Nathalie, l’ottima Isabelle Huppert, è una donna dalle molte cause. Insegna filosofia in un liceo parigino, con lo zelo dell’ex comunista adesso convertita alla più ardua missione di far pensare i ragazzi con la loro testa. Ha una madre, ex modella invecchiata presto, incline al suicidio allarmante e simulato. Cura una sofisticata collana di saggi filosofici e un’antologia scolastica. E’ mentore di Fabien, un ex alunno diviso tra la Scuola di Francoforte e il tafferuglio anarchico con la polizia, che forse ha preso troppo sul serio i suoi insegnamenti libertari.
Intorno ai sessant’anni anni, la vita – più o meno secondo la regola – comincia a presentarle i conti.
Del marito, Heinz, e della più giovane compagna nuova destinataria dei suoi imperativi morali, abbiamo anticipato. Nathalie andrà per l’ultima volta con lui nella loro casa sull’oceano in Bretagna, a prendere i vestiti e seppellire nel giardino di rose venticinque anni di vita comune.
Come se non bastasse, il suo editore smette di buttare soldi con i pensieri di gente morta che non interessano nessuno, cancellando la sua collana. La madre muore nel pensionato dove Nathalie è stata costretta a portarla, lasciandole una grossa gatta dal significativo nome di Pandora, a cui peraltro lei è allergica.
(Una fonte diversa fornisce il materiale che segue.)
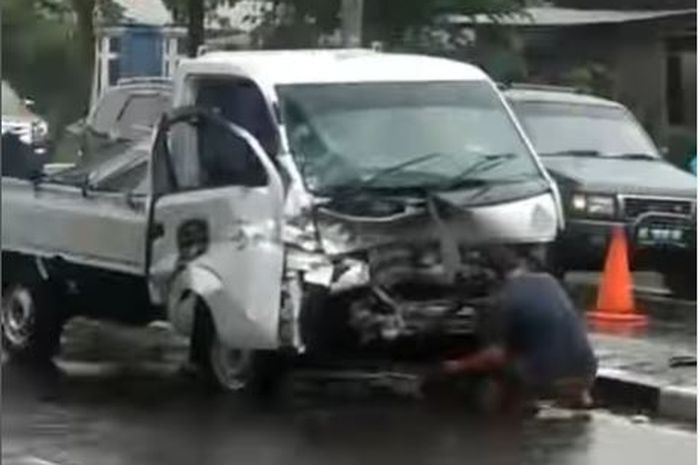 Suzuki Carry pikap hancur setelah terbang loncati pembatas jalan raya Solo-Jogja lalu mendarat menghunjam Toyota Kijang Innova Reborn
Arriva l’estate e Fabien si ritira con gli amici in una fattoria sperduta a preparare l’universale anarchia prossima ventura. Lei lo raggiunge volentieri nel suo paradiso terrestre sperimentale; ma tra interminabili discussioni se esista o no l’autorialità, salta fuori l’accusa, sopita da sempre, che lei è la borghese benestante e privilegiata che in effetti è.
Nathalie attraversa questi sconvolgimenti senza tragedie, in un dignitoso fatalismo sostenuto da un lampo d’orgoglio nello sguardo. Coerente – come Fabien e Heinz neppure possono immaginare – con un certo modo di fare filosofia rispettando l’altrui libertà sulla propria pelle. Anche se gli altri neppure se ne accorgono, e non ci si aspetta neppure più che lo facciano.
Oltre la recriminazione, oltre la delusione, Nathalie non prova a riconquistare Heinz, né a difendere le sue pubblicazioni, né a spiegare a Fabien di avere già percorso le stesse illusioni.
Il volto segnato, l’atteggiamento raccolto, Nathalie possiede il senso del tempo e delle cose che accadono senza che si possa fare niente.
Nell’ultima scena prepara la cena di Natale e riunisce i figli a tavola; poi in camera da letto prende in braccio il nipotino neonato; infine l’inquadratura sfuma sugli addobbi e l’abete con i regali.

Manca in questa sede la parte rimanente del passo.